Is it still necessary to appeal to the purely sexual when marketing to the gay community? Must a product or sales pitch to the gay community assume that  my neighbor down the street  is primarily concerned with getting laid? From the look of Risquesommelier.com you’d think this is the only thing on their mind.

The site describes its focus this way:

Sommelier is a Wine Interest style BLOG site targeting the Gay consumer
that goes far beyond the basic “Wine Critique” into detail riche
experiences in Wine, Cuisine, Travel, Luxury Goods, Art and Music… all
with a little lighthearted risque mischief."

Is there a wine blog that peddles sexual insinuations along side wine that is aimed at straights? Someone point me to it. I can see the benefits of a blog post on how to incorporate wine into the art of seduction. I can see the idea of a blog post that highlights the nexus between sex and wine. I can even wrap my arms around the idea of a blog that chronicles how a person incorporates wine into their love life. But a blog that insinuates that gays must see some kind of connection to sex in order to get interested in the content simply strikes me as too stereotypical to be of use.

Maybe I’m wrong.   


9 Responses

  1. el jefe - October 31, 2007

    hi Tom – I’m afraid I don’t get it, so I must have missed something… All I found there were some tired quotes, an Emerson poem, a review of a wine called Seduction, and some art history. Certainly a gay slant on things, but I didn’t see any overt sexuality… I did see a whole bunch of excessive legalese on the “Etiquette” page, however…

  2. Terry Hughes - October 31, 2007

    Agree with el Jefe, big guy. Sure looks pretty stale and unexceptional. Believe me, as an old fruit-forward, I could think of a dozen truly raunchy ways to sell the crap out of this stuff. (Yes, including things I have done with wine with a willing partner.) Then you’d have something to fulminate about.

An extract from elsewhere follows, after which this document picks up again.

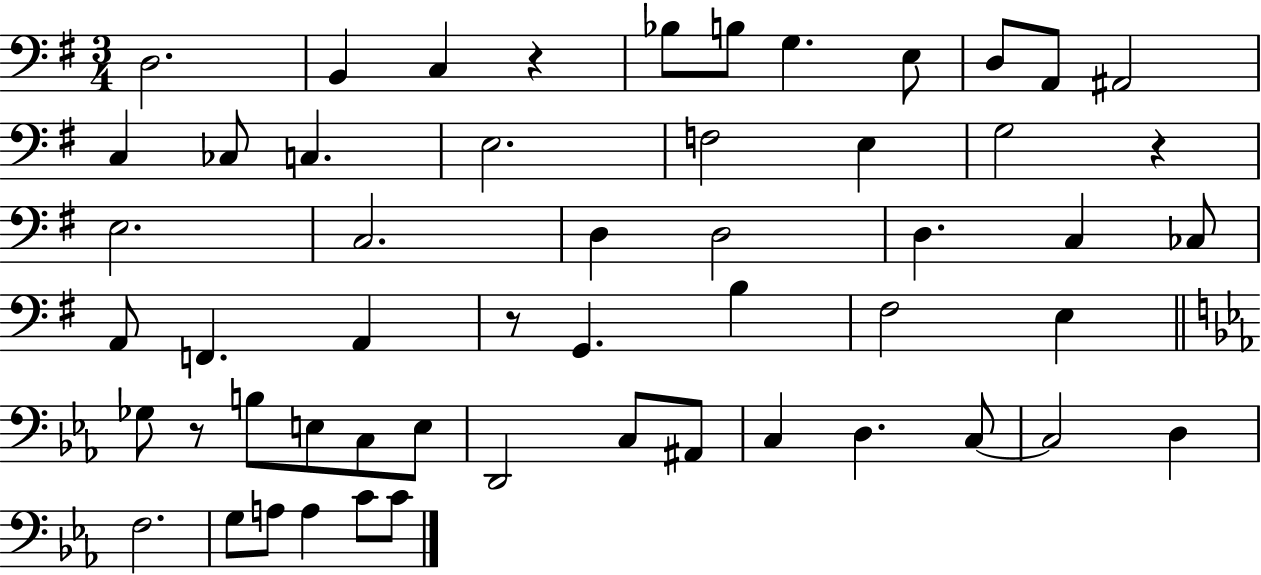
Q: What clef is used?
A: bass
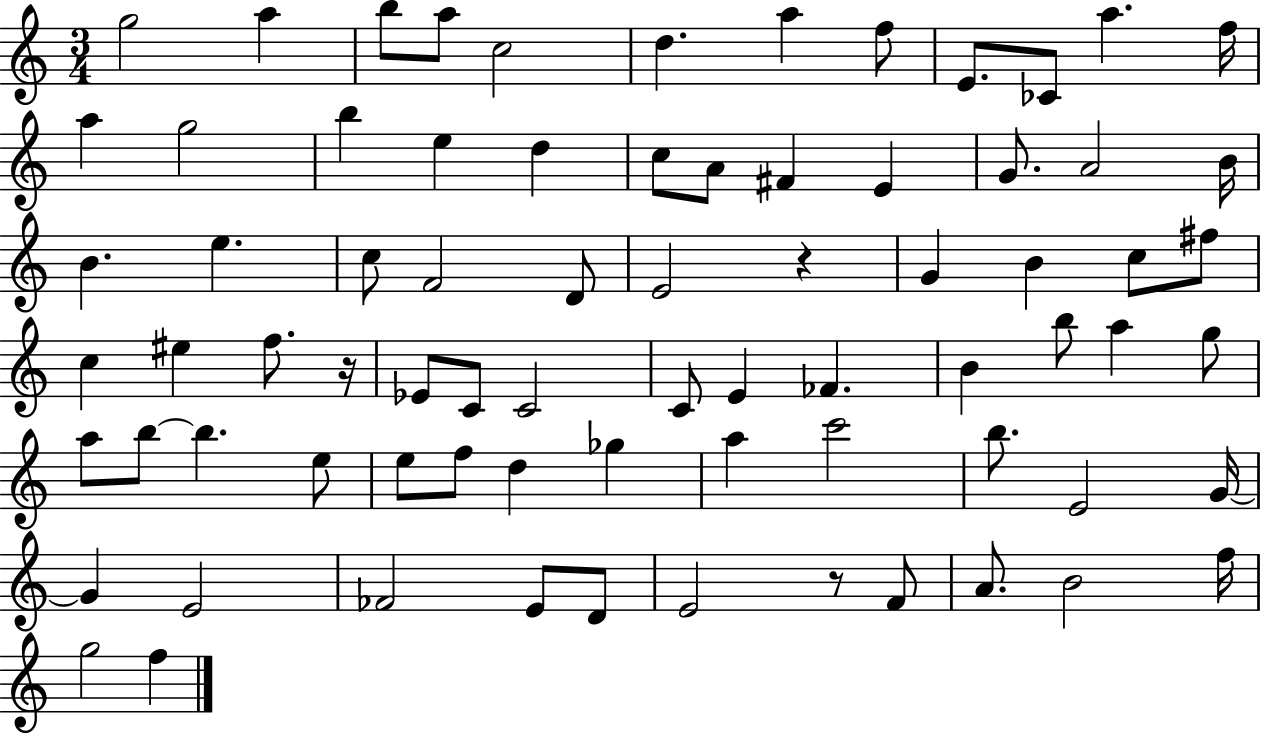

  3. Tom Wark - October 31, 2007

    It just seems all to stereotypical to me. Is there no other way to market to gays than by insinuating sex?

  4. Terry Hughes - October 31, 2007

    Well, it is the easiest hook for that segment.
    All kidding aside….Since a lot of people in the wine biz are gay/lesbian, and since most of the gay people I know are fond of good food and wine, the best way to market to them is to do so on the basis of, you know, taste and quality and heart health and all the other stuff that, surprise, would work with straights.

  5. Thomas - October 31, 2007

    I’m with Tom. It seems demeaning to view people always in the context of their sexual orientation instead of focusing on the good old daily humanity of us all.

  6. Steve - November 1, 2007

    Tom, take a cold shower and chill! You’ve gone postal on this one. If I’m not offended by the website, you shouldn’t be! All they’re doing is obeying Rule #1 in marketing: Know your clientele! Seems to me they’ve borrowed a page from beer, cognac, cars, etc. Sex sells.

  7. Leo O'Donnell - November 2, 2007

    The site combines bad (possibly self) stereotyping with uninteresting copy that offers little value.
    Similar mistakes are made by bloggers and even professional marketers when they target women. Its too easy to latch onto the stereotype.
    If risquesommelier.com expects to make it, the copy has to speak directly to the audience. Sure sex sells, but I don’t see theis random copy truly selling any here. Better they should offer good wine information that could benefit their audience.

  8. Catie - November 5, 2007

    What an odd little site. Oh well, you know what they say – “Different strokes (no pun intended) for different folks.”